Take health for example.  When I go for my annual physical, my doctor asks me how many servings of fruits and vegetables I get a day.  I tell him two, if I’m lucky.  He counters that I should have five.  I remind him there are only three meals in a day, but the math doesn’t throw him.  “You really should have five”, he says with a straight face.  “Try to snack on an apple or a bag of carrots.”  Uh huh.
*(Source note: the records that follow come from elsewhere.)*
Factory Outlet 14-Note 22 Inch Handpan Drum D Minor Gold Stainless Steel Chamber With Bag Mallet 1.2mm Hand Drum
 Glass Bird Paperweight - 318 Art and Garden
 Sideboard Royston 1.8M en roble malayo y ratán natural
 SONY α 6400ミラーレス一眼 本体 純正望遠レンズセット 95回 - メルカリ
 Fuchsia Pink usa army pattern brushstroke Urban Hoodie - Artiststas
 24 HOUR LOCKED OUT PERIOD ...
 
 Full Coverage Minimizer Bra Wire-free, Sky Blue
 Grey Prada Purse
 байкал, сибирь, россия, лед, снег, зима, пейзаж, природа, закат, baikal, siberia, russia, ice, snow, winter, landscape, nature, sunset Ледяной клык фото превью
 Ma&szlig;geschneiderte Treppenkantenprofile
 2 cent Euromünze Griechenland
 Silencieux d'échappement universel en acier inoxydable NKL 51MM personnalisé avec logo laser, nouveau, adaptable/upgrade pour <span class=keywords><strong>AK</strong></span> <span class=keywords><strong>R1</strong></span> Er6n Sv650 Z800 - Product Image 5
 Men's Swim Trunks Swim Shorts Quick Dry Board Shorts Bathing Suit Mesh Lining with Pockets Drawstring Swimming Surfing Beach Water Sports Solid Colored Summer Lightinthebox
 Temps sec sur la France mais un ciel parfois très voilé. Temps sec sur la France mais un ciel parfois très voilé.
If you want to feel inadequate at event planning, subscribe to Jeff Hurt’s blog, MidCourse Corrections.  Every time I look at my laptop it seems there’s a new post by Jeff, listing 10 trends in conference planning I need to know about, or 5 things speakers do wrong at meetings, or 7 reasons attendees are falling asleep at our programs.  It’s all good stuff, and Jeff’s one of our industry’s great minds, but let me tell ya, you have no chance of implementing everything he recommends; it’s just too much. You’re lucky if you integrate 10% of his ideas, and the truth is he’d probably say that’s just fine.  But of course you look at the 90% you can’t get to and see the flashing neon “Under-Achiever” sign in your mind.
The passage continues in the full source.